**Task instructions**: Give the entries again, precisely as they were written.

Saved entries
Content starts
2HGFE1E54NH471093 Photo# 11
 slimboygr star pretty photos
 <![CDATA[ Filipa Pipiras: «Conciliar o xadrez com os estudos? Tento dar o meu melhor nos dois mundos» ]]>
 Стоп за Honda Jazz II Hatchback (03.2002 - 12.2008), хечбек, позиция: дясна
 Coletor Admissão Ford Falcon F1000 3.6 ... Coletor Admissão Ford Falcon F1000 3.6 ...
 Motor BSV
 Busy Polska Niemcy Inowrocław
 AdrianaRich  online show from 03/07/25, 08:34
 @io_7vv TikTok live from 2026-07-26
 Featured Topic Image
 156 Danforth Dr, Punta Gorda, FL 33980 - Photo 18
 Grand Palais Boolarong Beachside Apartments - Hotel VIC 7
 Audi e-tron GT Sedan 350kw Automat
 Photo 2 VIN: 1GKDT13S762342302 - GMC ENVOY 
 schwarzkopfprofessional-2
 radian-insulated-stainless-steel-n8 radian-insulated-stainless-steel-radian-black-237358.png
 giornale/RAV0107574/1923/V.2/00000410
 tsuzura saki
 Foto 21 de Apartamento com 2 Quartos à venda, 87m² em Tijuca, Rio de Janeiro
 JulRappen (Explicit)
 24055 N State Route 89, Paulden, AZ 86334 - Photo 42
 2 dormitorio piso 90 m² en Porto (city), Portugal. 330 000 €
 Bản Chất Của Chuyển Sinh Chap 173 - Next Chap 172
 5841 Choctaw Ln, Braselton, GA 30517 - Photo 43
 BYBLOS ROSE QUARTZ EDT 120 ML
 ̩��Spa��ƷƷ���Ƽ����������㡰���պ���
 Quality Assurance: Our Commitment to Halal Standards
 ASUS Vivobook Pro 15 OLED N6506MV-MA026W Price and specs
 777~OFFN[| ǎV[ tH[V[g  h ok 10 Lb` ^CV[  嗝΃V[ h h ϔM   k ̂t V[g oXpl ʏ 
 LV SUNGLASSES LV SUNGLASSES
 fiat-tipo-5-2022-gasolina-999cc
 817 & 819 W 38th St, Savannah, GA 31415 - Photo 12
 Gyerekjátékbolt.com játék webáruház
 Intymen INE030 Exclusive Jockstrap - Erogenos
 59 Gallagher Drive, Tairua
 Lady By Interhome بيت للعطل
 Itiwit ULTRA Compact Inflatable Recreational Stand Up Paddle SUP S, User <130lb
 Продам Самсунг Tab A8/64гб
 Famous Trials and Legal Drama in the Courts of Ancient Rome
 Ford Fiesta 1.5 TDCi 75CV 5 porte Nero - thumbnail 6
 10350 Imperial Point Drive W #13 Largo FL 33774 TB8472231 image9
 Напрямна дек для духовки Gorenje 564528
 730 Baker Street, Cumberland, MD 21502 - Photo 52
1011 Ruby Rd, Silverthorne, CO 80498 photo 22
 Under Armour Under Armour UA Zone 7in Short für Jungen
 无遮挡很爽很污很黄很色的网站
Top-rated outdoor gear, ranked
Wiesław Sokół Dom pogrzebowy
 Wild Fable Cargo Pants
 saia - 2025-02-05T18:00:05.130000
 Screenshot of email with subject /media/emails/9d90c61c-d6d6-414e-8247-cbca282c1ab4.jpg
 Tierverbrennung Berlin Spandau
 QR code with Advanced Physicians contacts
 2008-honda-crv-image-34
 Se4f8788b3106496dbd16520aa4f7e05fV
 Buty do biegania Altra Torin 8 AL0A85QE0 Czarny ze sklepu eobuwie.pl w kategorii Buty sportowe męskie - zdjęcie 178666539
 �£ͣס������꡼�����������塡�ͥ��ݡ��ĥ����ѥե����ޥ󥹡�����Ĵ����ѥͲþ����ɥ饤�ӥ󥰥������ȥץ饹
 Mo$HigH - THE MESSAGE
Content ends
**Expected output**:
2HGFE1E54NH471093 Photo# 11
 slimboygr star pretty photos
 <![CDATA[ Filipa Pipiras: «Conciliar o xadrez com os estudos? Tento dar o meu melhor nos dois mundos» ]]>
 Стоп за Honda Jazz II Hatchback (03.2002 - 12.2008), хечбек, позиция: дясна
 Coletor Admissão Ford Falcon F1000 3.6 ... Coletor Admissão Ford Falcon F1000 3.6 ...
 Motor BSV
 Busy Polska Niemcy Inowrocław
 AdrianaRich  online show from 03/07/25, 08:34
 @io_7vv TikTok live from 2026-07-26
 Featured Topic Image
 156 Danforth Dr, Punta Gorda, FL 33980 - Photo 18
 Grand Palais Boolarong Beachside Apartments - Hotel VIC 7
 Audi e-tron GT Sedan 350kw Automat
 Photo 2 VIN: 1GKDT13S762342302 - GMC ENVOY 
 schwarzkopfprofessional-2
 radian-insulated-stainless-steel-n8 radian-insulated-stainless-steel-radian-black-237358.png
 giornale/RAV0107574/1923/V.2/00000410
 tsuzura saki
 Foto 21 de Apartamento com 2 Quartos à venda, 87m² em Tijuca, Rio de Janeiro
 JulRappen (Explicit)
 24055 N State Route 89, Paulden, AZ 86334 - Photo 42
 2 dormitorio piso 90 m² en Porto (city), Portugal. 330 000 €
 Bản Chất Của Chuyển Sinh Chap 173 - Next Chap 172
 5841 Choctaw Ln, Braselton, GA 30517 - Photo 43
 BYBLOS ROSE QUARTZ EDT 120 ML
 ̩��Spa��ƷƷ���Ƽ����������㡰���պ���
 Quality Assurance: Our Commitment to Halal Standards
 ASUS Vivobook Pro 15 OLED N6506MV-MA026W Price and specs
 777~OFFN[| ǎV[ tH[V[g  h ok 10 Lb` ^CV[  嗝΃V[ h h ϔM   k ̂t V[g oXpl ʏ 
 LV SUNGLASSES LV SUNGLASSES
 fiat-tipo-5-2022-gasolina-999cc
 817 & 819 W 38th St, Savannah, GA 31415 - Photo 12
 Gyerekjátékbolt.com játék webáruház
 Intymen INE030 Exclusive Jockstrap - Erogenos
 59 Gallagher Drive, Tairua
 Lady By Interhome بيت للعطل
 Itiwit ULTRA Compact Inflatable Recreational Stand Up Paddle SUP S, User <130lb
 Продам Самсунг Tab A8/64гб
 Famous Trials and Legal Drama in the Courts of Ancient Rome
 Ford Fiesta 1.5 TDCi 75CV 5 porte Nero - thumbnail 6
 10350 Imperial Point Drive W #13 Largo FL 33774 TB8472231 image9
 Напрямна дек для духовки Gorenje 564528
 730 Baker Street, Cumberland, MD 21502 - Photo 52
1011 Ruby Rd, Silverthorne, CO 80498 photo 22
 Under Armour Under Armour UA Zone 7in Short für Jungen
 无遮挡很爽很污很黄很色的网站
Top-rated outdoor gear, ranked
Wiesław Sokół Dom pogrzebowy
 Wild Fable Cargo Pants
 saia - 2025-02-05T18:00:05.130000
 Screenshot of email with subject /media/emails/9d90c61c-d6d6-414e-8247-cbca282c1ab4.jpg
 Tierverbrennung Berlin Spandau
 QR code with Advanced Physicians contacts
 2008-honda-crv-image-34
 Se4f8788b3106496dbd16520aa4f7e05fV
 Buty do biegania Altra Torin 8 AL0A85QE0 Czarny ze sklepu eobuwie.pl w kategorii Buty sportowe męskie - zdjęcie 178666539
 �£ͣס������꡼�����������塡�ͥ��ݡ��ĥ����ѥե����ޥ󥹡�����Ĵ����ѥͲþ����ɥ饤�ӥ󥰥������ȥץ饹
 Mo$HigH - THE MESSAGE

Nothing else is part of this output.